Omit the pictures, then write out every entry exactly as it reads.

++++ TASK INPUT ++++

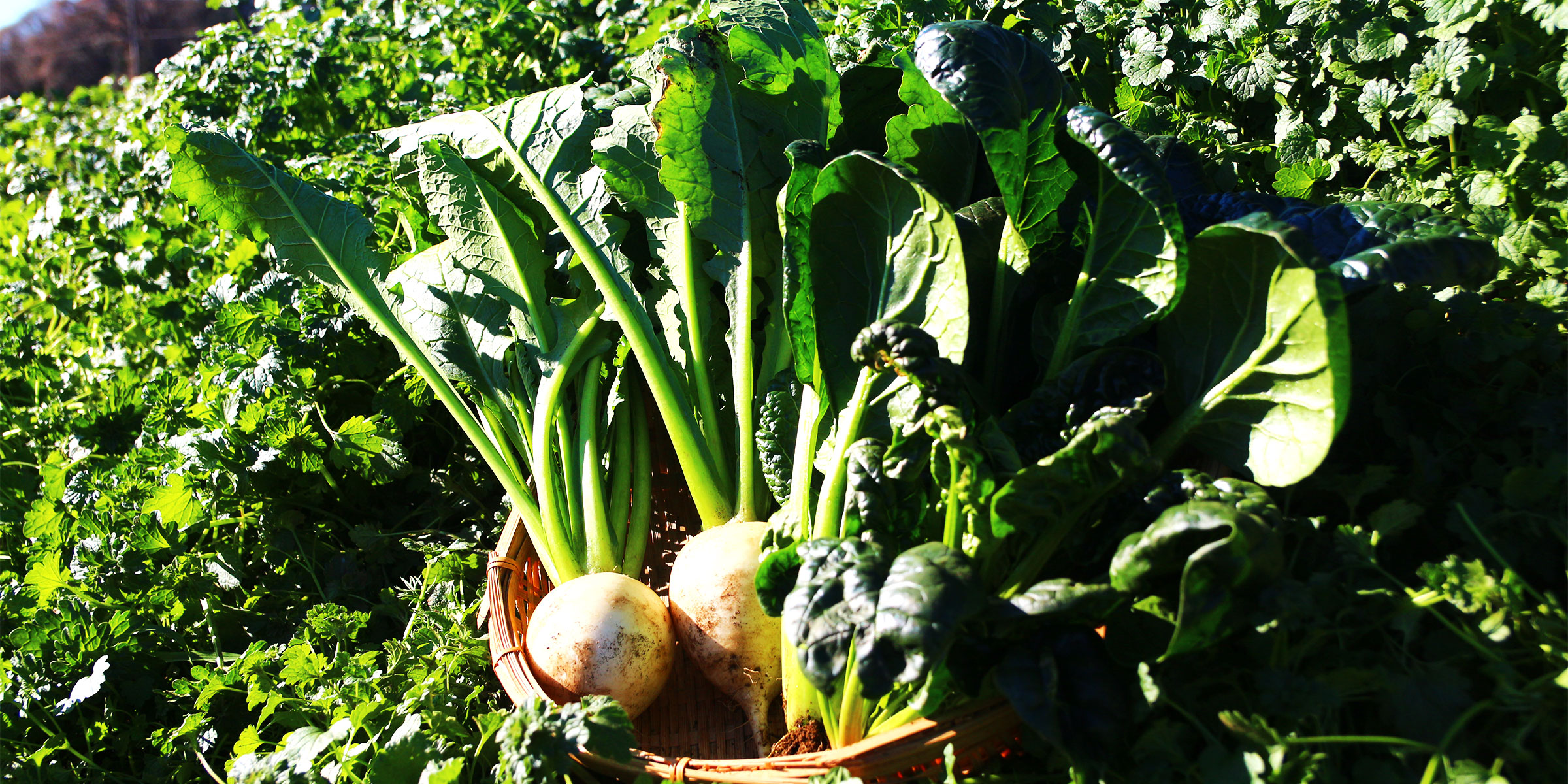 有機野菜3種収穫体験イベント2025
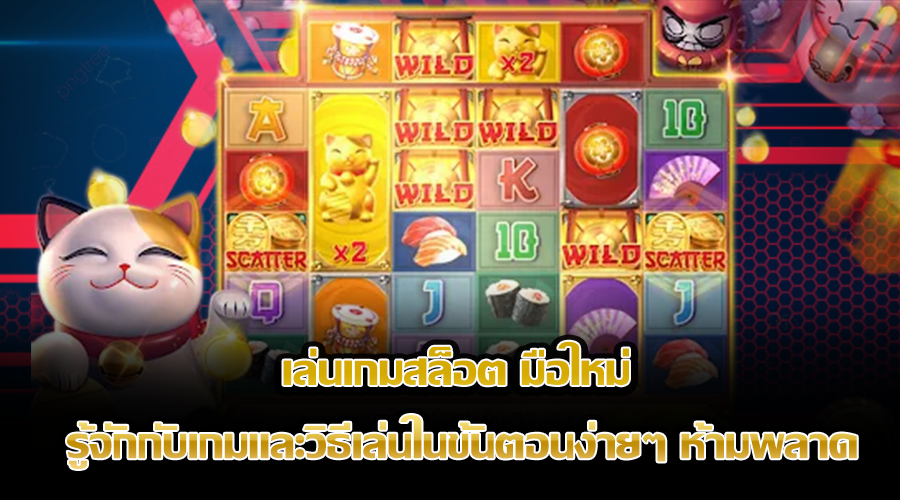 เล่นเกมสล็อต มือใหม่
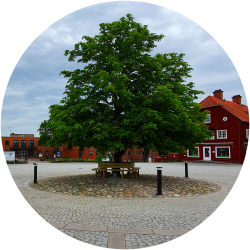 Träd på Gamla torget Åtvidaberg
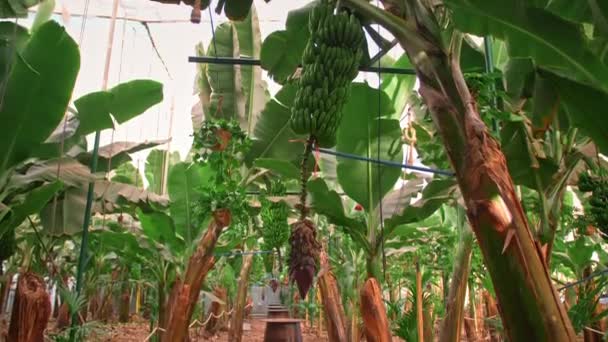 Bananeraie. bananiers avec d'énormes feuilles vertes. Un tas de bananes vertes. Le concept d'alimentation biologique — Video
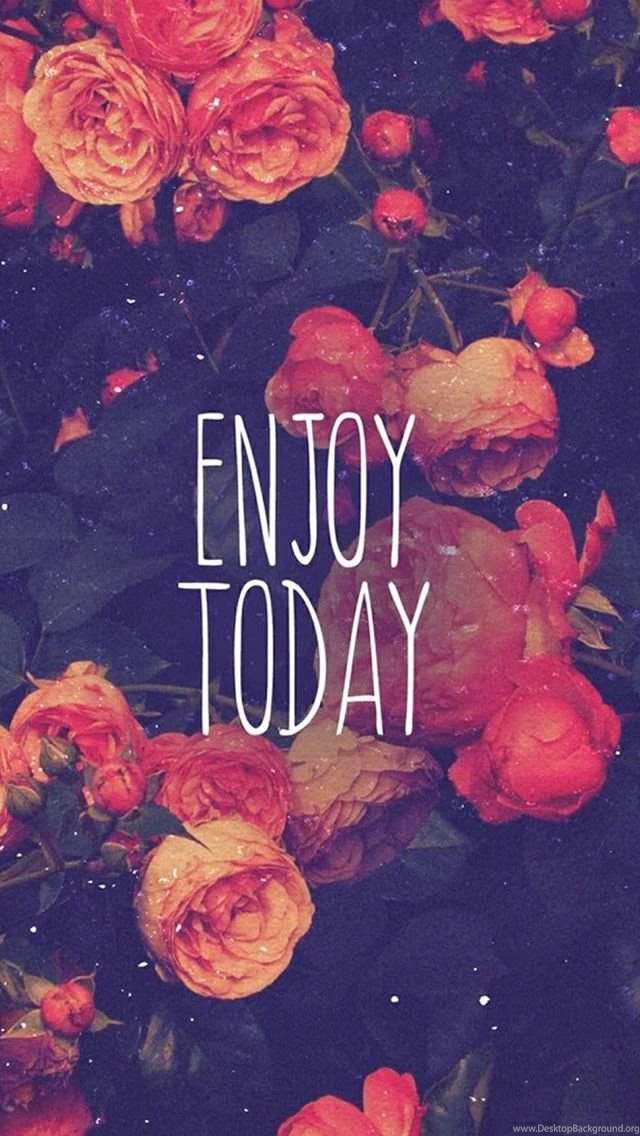 Enjoy Today Red Rose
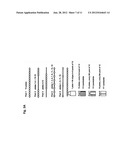 SET OF OLIGONUCLEOTIDE PROBES AS WELL AS METHODS AND USES THERETO diagram and image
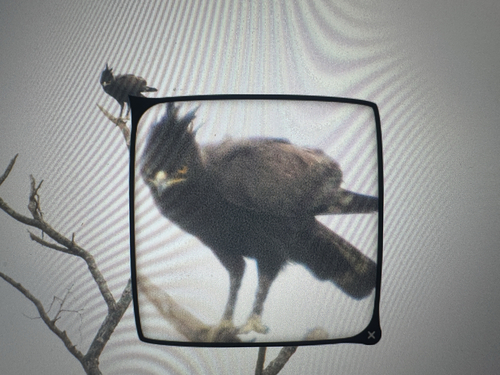Long-crested Eagle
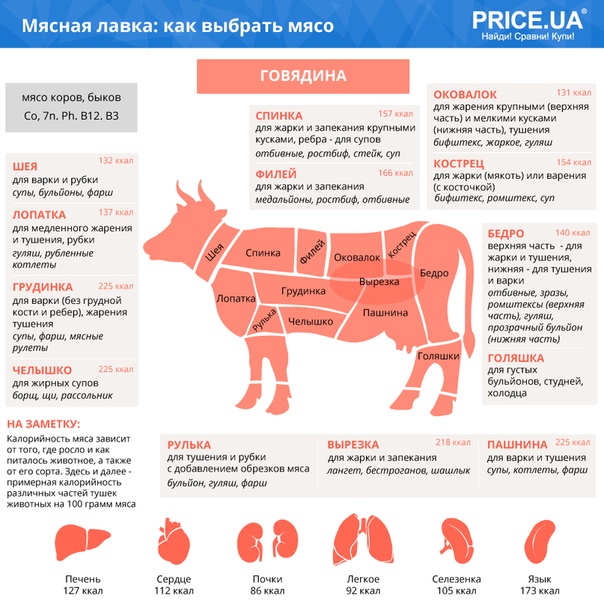 Узнайте как определить качество телятины. советы по выбору продукта из каталога на торговой платформе agro24.ru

++++

▸ EXERCISE RESPONSE:
 有機野菜3種収穫体験イベント2025
 เล่นเกมสล็อต มือใหม่
 Träd på Gamla torget Åtvidaberg
 Bananeraie. bananiers avec d'énormes feuilles vertes. Un tas de bananes vertes. Le concept d'alimentation biologique — Video
 Enjoy Today Red Rose
 SET OF OLIGONUCLEOTIDE PROBES AS WELL AS METHODS AND USES THERETO diagram and image
Long-crested Eagle
 Узнайте как определить качество телятины. советы по выбору продукта из каталога на торговой платформе agro24.ru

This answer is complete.